Ravine trapdoor spiders(Cyclocosmia truncata) are a species of Cyclocosmia with truncated opisthosomas that end in a heavily sclerotized round plate or disc similar to a manhole cover.
This “manhole” allows the Ravine trapdoor spider to seal off the open end of their burrow when attacked.
Ravine trapdoor spiders.
The female ravine trapdoor spiders measure 1.2 inches in length, while the males clock in at a mere 0.75 inches long, sporting brown bodies – similar to many other Cyclocosmia species.
Trapdoor spiders, such as tarantulas and their ilk, live in tunnels they burrow beneath the earth and cover with a trapdoor. Generally, these creatures do not leave their abode but rather wait behind closed doors at night for unsuspecting prey to pass by – then they leap out and seize them.
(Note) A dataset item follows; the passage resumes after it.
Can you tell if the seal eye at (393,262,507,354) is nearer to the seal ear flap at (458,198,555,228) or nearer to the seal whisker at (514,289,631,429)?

Trapdoor spiders lead stationary lifestyles, making them especially susceptible to predators and parasites that can quickly locate their burrows. However, species of the Cyclocosma have developed a remarkable physiological adaptation due to this evolutionary pressure.
The spider’s abdomen appears to be cut off abruptly as if it were truncated. A heavily sclerotized disc covers this region and creates a false bottom when the spider is inactive in its burrow. This impenetrable surface fits perfectly with the tunnel walls, ensuring their safety even when not active.